Alastair Houghton via Unicode unicode at
Tue Jan 30 04:20:46 CST 2018

On 30 Jan 2018, at 05:31, Marcel Schneider via Unicode <unicode at> wrote:
> OnMon, 29 Jan 2018 11:13:21 -0700, Tom Gewecke wrote:
>>> On Jan 29, 2018, at 4:26 AM, Marcel Schneider via Unicode  wrote:
>>> the Windows US-Intl 
>>> does not allow to write French in a usable manner, as the Œœ is still 
>>> missing, and does not allow to type German correctly neither due to 
>>> the lack of single angle quotation marks (used in some French locales, 
>>> too, and perhaps likely to become even more widespread). Of course 
>>> these are all on the macOS US-Extended.
>> They are also all on the MacOS "US International PC", provided since 2009 by Apple
>> for Windows users who like US International.
> I suppose that this layout ships with the Windows emulation that can be run on a Mac.

No.  It’s included as standard with the macOS itself.  Go to System Preferences, choose “Keyboard”, then “Input Sources”.  Click the “+” button at the bottom left, then enter “PC” in the search field and you’ll see there are a range of “PC” layouts.
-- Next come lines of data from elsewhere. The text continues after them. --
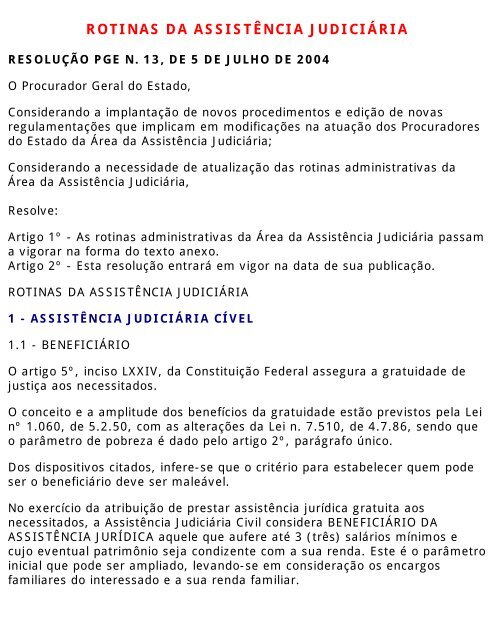 Rotinas Administrativas da Assistência Judiciária - Procuradoria ...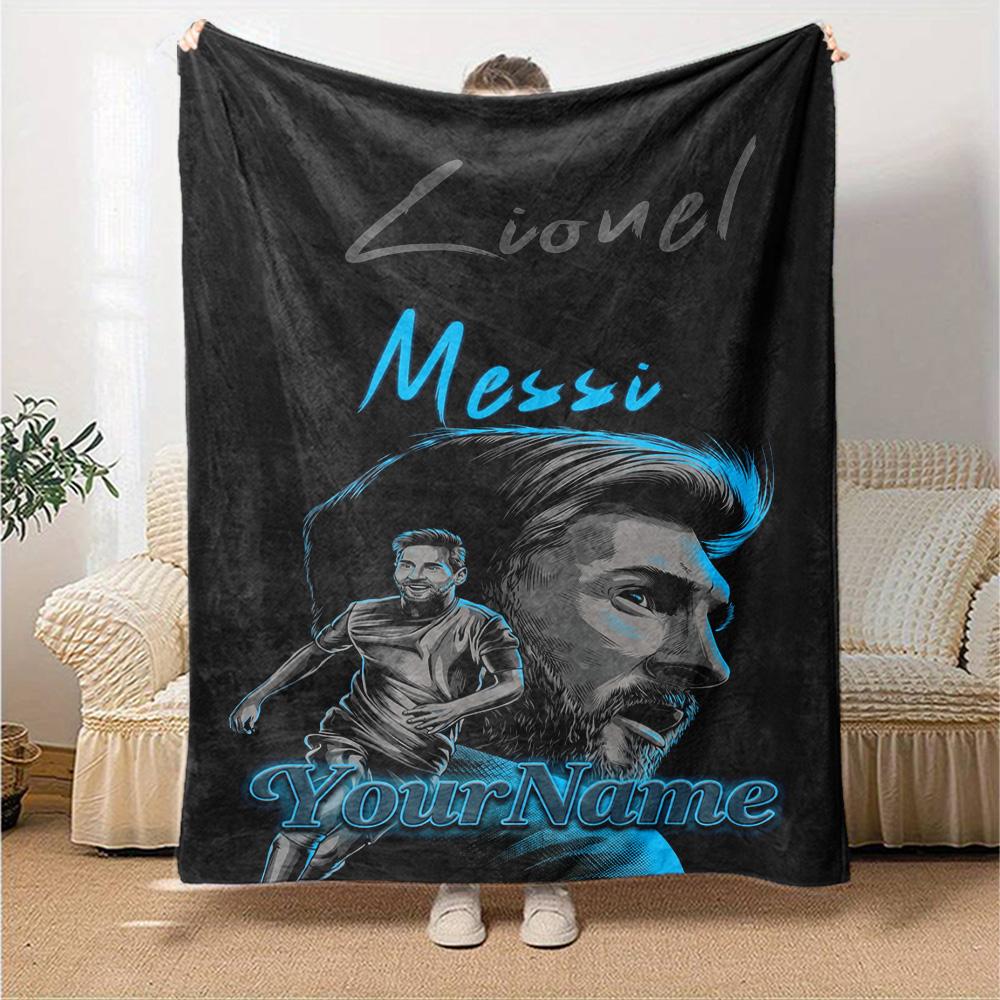 Messi Customize Your Name Blanket Cozy Customizable Blanket Comfortable Versatile for Picnics Livingroom Living Room Nap Ideal for All Seasons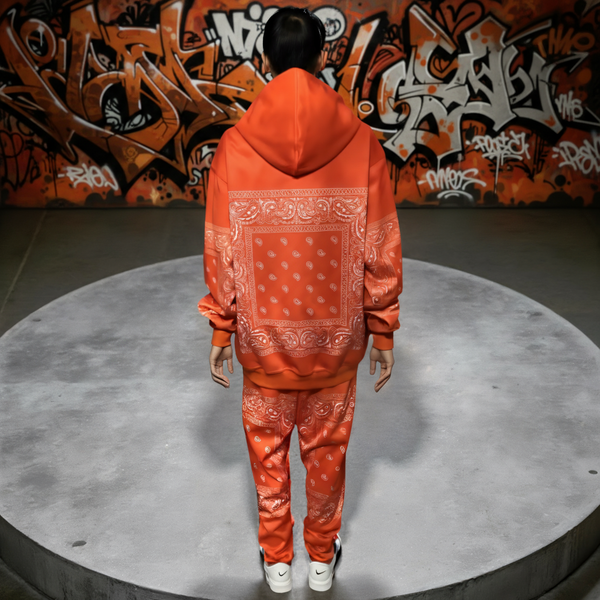 •ECM• ~ORANGE BANDANA~ JOGGER SWEATSUITS (FLEECY SOFT LINED)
>> œ Œ are on alt and alt-shift q
>> ‹› are on alt-shift 3/4

More of a nitpick than anything, but Apple keyboards have *Option*, not “alt”.  Yes, some (but not all) keyboards’ Option keys have an “alt” annotation at the top, but that was added AFAIK for the benefit of people running PC emulation (or these days, Windows under e.g. VMWare Fusion).  The “alt” annotation isn’t on the latest keyboards (go look in an Apple Store if you don’t believe me :-)).

> Then this is ported from the Apple US layout, where these characters are in the same 
> places. However that does not include correct spacing, as required for French.
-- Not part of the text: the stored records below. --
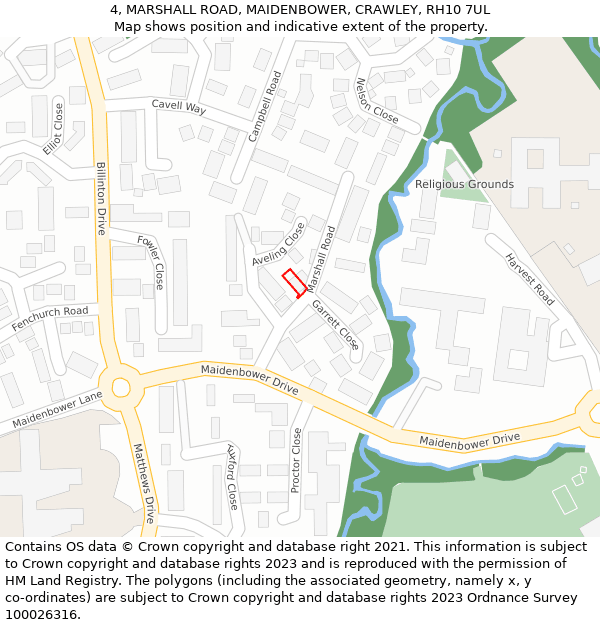 4, MARSHALL ROAD, MAIDENBOWER, CRAWLEY, RH10 7UL: Location map and indicative extent of plot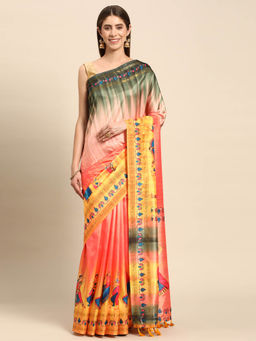 Vastranand - Pink Ethnic Motifs Zari Block Print Saree with Unstitched Blouse
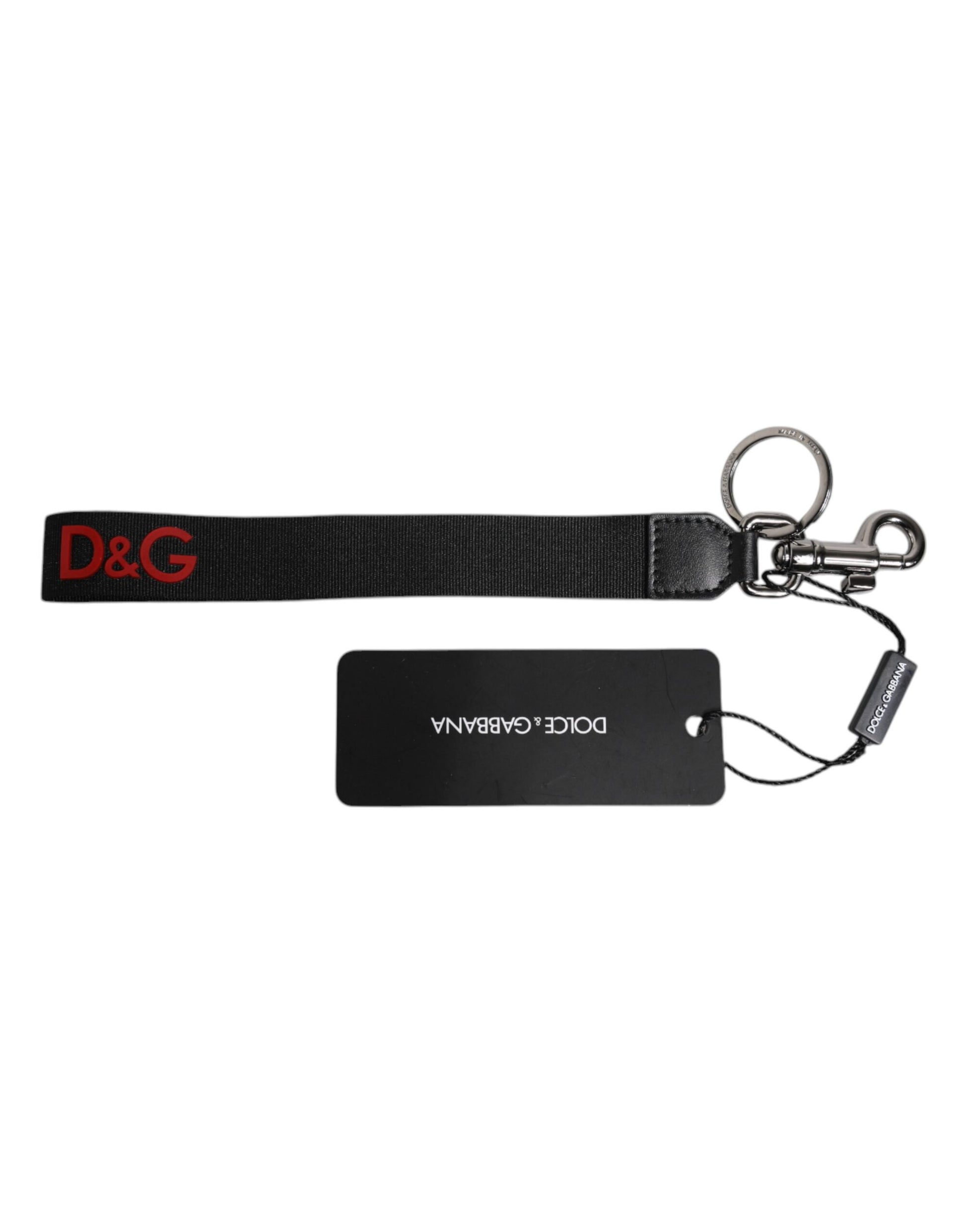 Dolce & Gabbana Black Logo Nylon Silver Brass Men Holder Keychain Keyring Dolce & Gabbana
Not sure what you mean about spacing.  That, surely, is a matter mainly for the software you’re using, rather than for a keyboard layout?

>> (US Extended has also been renamed ABC Extended back in 2015)
> Presumably because it is interesting for many locales worldwide accustomed to the 
> US QWERTY layout. That tends to prove that Mac users accept changes, while 
> Windows users refuse changes. However I fail to understand such a discrepancy.

I don’t think it’s the users.

I think, rather, that Apple is (or has been) prepared to make radical changes, even at the expense of backwards compatibility and even where it knows there will be short term pain from users complaining about them, where Microsoft is more conservative.  This pattern exists across the board at the two companies; the Windows API hasn’t changed all that much since Windows NT 4/95, whereas Apple has basically thrown away all the work it did up to Mac OS 9 and is a lot more aggressive about deprecating and removing functionality even in Mac OS X/macOS than Microsoft ever was.

This is exemplified, actually, by the length of time Microsoft keeps backwards compatibility layers, versus the length of time Apple does so.  The WoW subsystem is (I think) still part of the 32-bit builds of Windows, so they can still run Windows 3.1 software, DOS software and so on (i.e. software back to the 1980s).  Apple, on the other hand, dropped support for “Classic” Mac apps back in 10.4 and has never supported running PowerPC classic apps on any Intel machine.  Indeed, six years ago now, in Mac OS X 10.7, Apple dropped support for running PowerPC apps built for Mac OS X, which basically means that software Mac users bought to run on their older PowerPC-based Macs is now not usable on new machines.